Proof sketch: First show linearity, then continuity, for the operator that just maps a signed measure through $g$, using some equation-crunching and characterizations of continuity. Then, since $g_{\ast }$ is just the pair of that and the identity function, it's trivial to show that it's linear and continuous.

We'll use $g_{\ast }^{\prime }$ to refer to the function $M^{\pm }\left(X\right)\to M^{\pm }\left(Y\right)$ defined by $\left(g_{\ast }^{\prime }\right(m\left)\right)\left(Z\right)=m\left(g^{-1}\right(Z\left)\right)$, where $Z$ is a measurable subset of $Y$ and $g\in C(X,Y)$. Ie, this specifies what the measure $g_{\ast }^{\prime }\left(m\right)$ is in terms of telling you what value it assigns to all measurable subsets of $Y$.

We'll use $g_{\ast }$ to refer to the function $M^{\pm }\left(X\right)\oplus R\to M^{\pm }\left(X\right)\oplus R$ given by $g_{\ast }(m,b)=\left(g_{\ast }^{\prime }\right(m),b)$.

Our first order of business is establishing the linearity of $g_{\ast }^{\prime }$. Observe that, for all measurable $Z\subseteq Y$, and $a,a^{\prime }$ being real numbers, and $m,m^{\prime }$ being signed measures over $X$,

$\left(g_{\ast }^{\prime }\right(am+a^{\prime }{m}^{\prime }\left)\right)\left(Z\right)=(am+a^{\prime }{m}^{\prime })\left(g^{-1}\right(Z\left)\right)=am\left(g^{-1}\right(Z\left)\right)+a^{\prime }{m}^{\prime }\left(g^{-1}\right(Z\left)\right)$

$=a{g}_{\ast }^{\prime }\left(m\right)\left(Z\right)+a^{\prime }{g}_{\ast }^{\prime }\left(m^{\prime }\right)\left(Z\right)=\left(a{g}_{\ast }^{\prime }\right(m)+a^{\prime }{g}_{\ast }^{\prime }(m^{\prime }\left)\right)\left(Z\right)$

So, $g_{\ast }^{\prime }(am+a^{\prime }{m}^{\prime })=a{g}_{\ast }^{\prime }\left(m\right))+a^{\prime }{g}_{\ast }^{\prime }(m^{\prime })$ and we have linearity of $g_{\ast }^{\prime }$.

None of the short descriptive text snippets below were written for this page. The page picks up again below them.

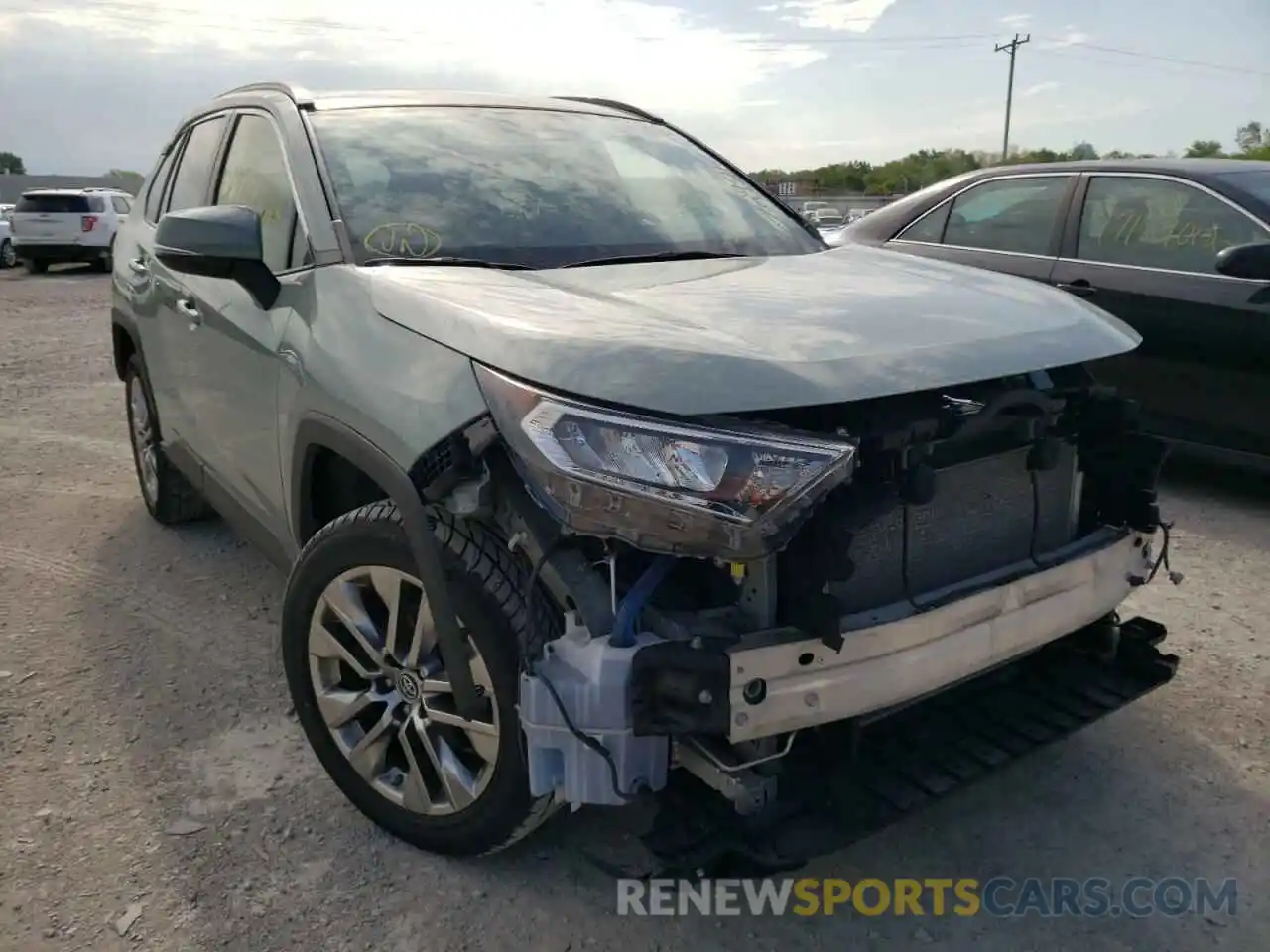 1 Photograph of a damaged car JTMC1RFV2KD510508 TOYOTA RAV4 2019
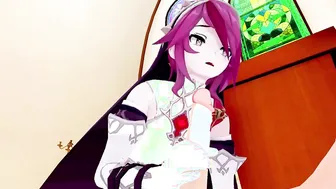 Rosaria Genshin Impact 3D ANIMATED 1/12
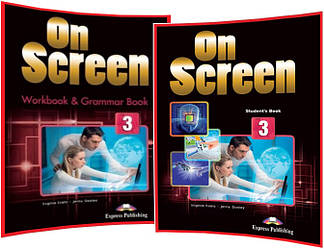 On Screen 3. Student's+Workbook. Комплект книг з англійської мови. Підручник+Зошит. Express Publishing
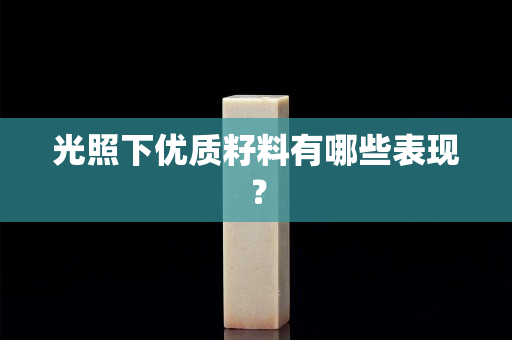 光照下優質籽料有哪些表現？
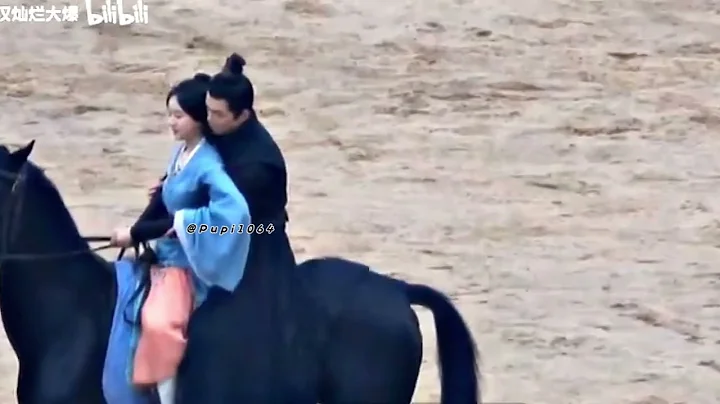 [New Reuters] WuLei and Zhao Lusi practice Horse riding for “Love Like the Galaxy” - DayDayNews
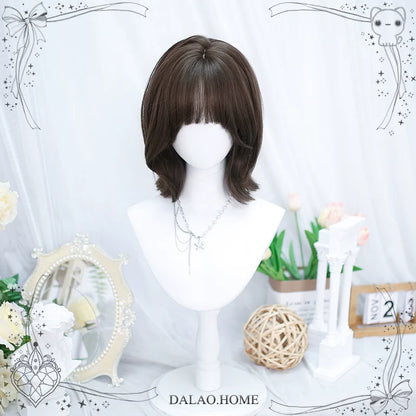 Dalao Home - Daily Short Lolita Wig With French-Style Shoulder-Length Wavy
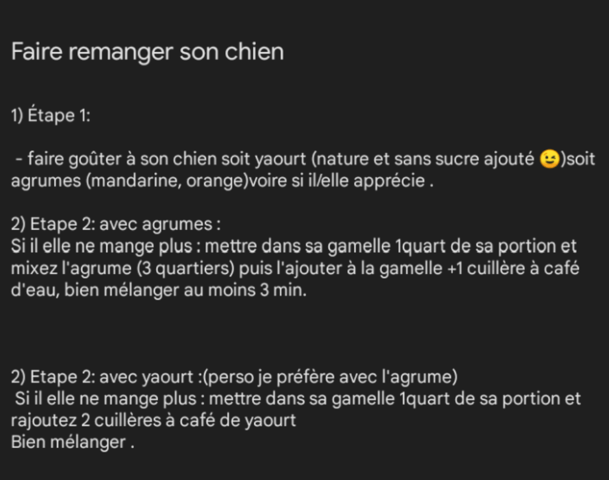 Conseils pour faire manger son chien toutes  race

Now for continuity of $g_{\ast }^{\prime }$. Let $m_n$ limit to $m$. The sequence $g_{\ast }^{\prime }\left(m_n\right)$ converging to $g_{\ast }^{\prime }\left(m\right)$ in our metric on $M^{\pm }\left(Y\right)$ is equivalent to: $\forall f\in C\left(Y\right):{lim}_{n\to \infty }{g}_{\ast }^{\prime }\left(m_n\right)\left(f\right)=g_{\ast }^{\prime }\left(m\right)\left(f\right)$ 

So, if $g_{\ast }^{\prime }\left(m_n\right)$ fails to converge to $g_{\ast }^{\prime }\left(m\right)$, then there is some continuous function $f\in C\left(Y\right)$ that witnesses the failure of convergence. But, because $g$ is a continuous function $X\to Y$, then $f\circ g\in C\left(X\right)$, and also $m_n(f\circ g)=g_{\ast }^{\prime }\left(m_n\right)\left(f\right)$, so:

${lim}_{n\to \infty }{g}_{\ast }^{\prime }\left(m_n\right)\left(f\right)={lim}_{n\to \infty }{m}_n(f\circ g)=m(f\circ g)=g_{\ast }^{\prime }\left(m\right)\left(f\right)$

The key step in the middle is that $m_n$ limits to $m$, so $m_n(f\circ g)$ limits to $m(f\circ g)$, by our characterization of continuity. Thus, we get a contradiction, our $f$ that witnesses the failure of convergence actually does converge. Therefore, $g_{\ast }^{\prime }\left(m_n\right)$ limits to $g_{\ast }^{\prime }\left(m\right)$ if $m_n$ limits to $m$, so $g_{\ast }^{\prime }$ is continuous.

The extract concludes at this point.